After locating the line that contains "Fall Foliage That", quote it and all lines after it through the end of the entries, and nothing more. Pictures stay out.
[TASK MATERIAL Boundary: Start]
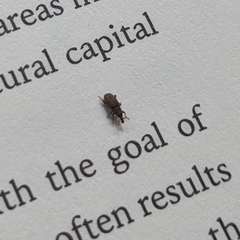 Dryophthorus americanus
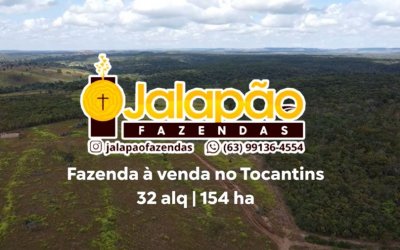 FAZENDA NO TOCANTINS 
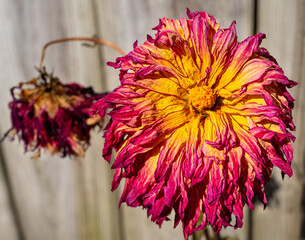 Dried wilting Dahlia flower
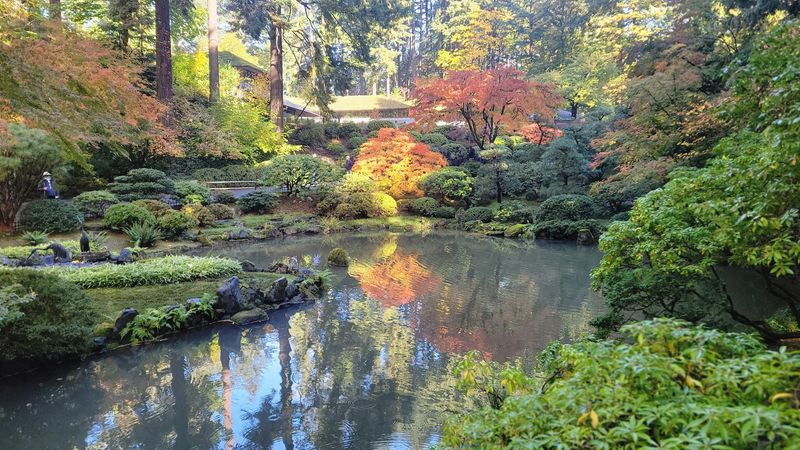 Fall Foliage That Transforms the Entire Garden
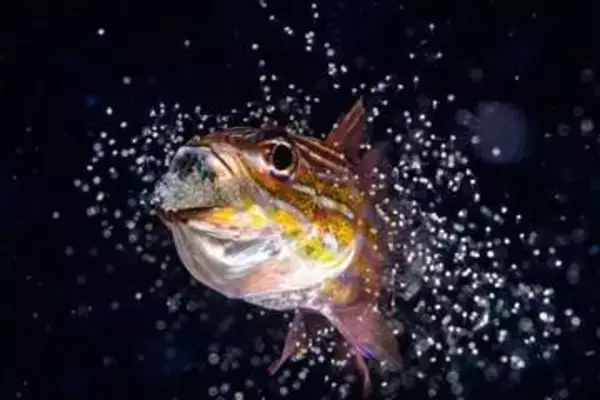 狩りで協力するシャチから巨大マンボウまで　26年海洋写真家コンテスト、最終候補を発表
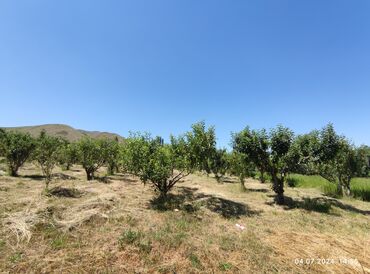 Продажа участков: 255 соток, Для сельского хозяйства — 8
[TASK MATERIAL Boundary: End]
● SOLUTION FOR THIS EXERCISE:
 Fall Foliage That Transforms the Entire Garden
 狩りで協力するシャチから巨大マンボウまで　26年海洋写真家コンテスト、最終候補を発表
 Продажа участков: 255 соток, Для сельского хозяйства — 8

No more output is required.